▶ [Dataset]
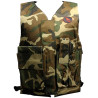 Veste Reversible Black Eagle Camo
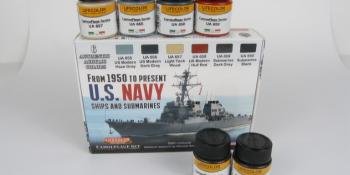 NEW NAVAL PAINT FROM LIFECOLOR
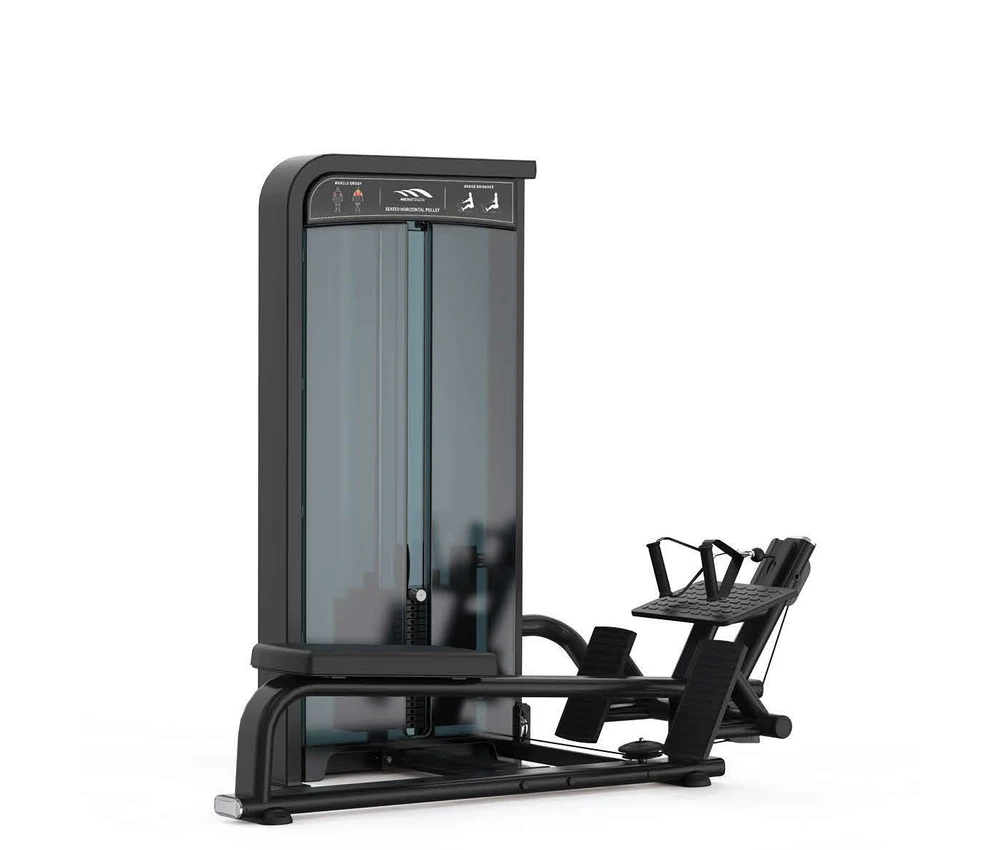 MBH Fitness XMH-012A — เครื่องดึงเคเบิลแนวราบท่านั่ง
==
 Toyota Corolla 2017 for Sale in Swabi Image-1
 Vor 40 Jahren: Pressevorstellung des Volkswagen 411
...
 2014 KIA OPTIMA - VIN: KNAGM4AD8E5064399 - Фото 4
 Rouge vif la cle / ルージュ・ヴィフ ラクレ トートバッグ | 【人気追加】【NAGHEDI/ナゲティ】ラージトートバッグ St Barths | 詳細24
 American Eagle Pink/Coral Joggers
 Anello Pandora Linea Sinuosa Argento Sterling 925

▶ [Aim of the task] For this exercise, reproduce exactly the lines of the records above from the one with "Veste Reversible Black Eagle Camo" up to and including the one with "MBH Fitness XMH-012A", without pictures.

▶ [Exercise solution]
 Veste Reversible Black Eagle Camo
 NEW NAVAL PAINT FROM LIFECOLOR
 MBH Fitness XMH-012A — เครื่องดึงเคเบิลแนวราบท่านั่ง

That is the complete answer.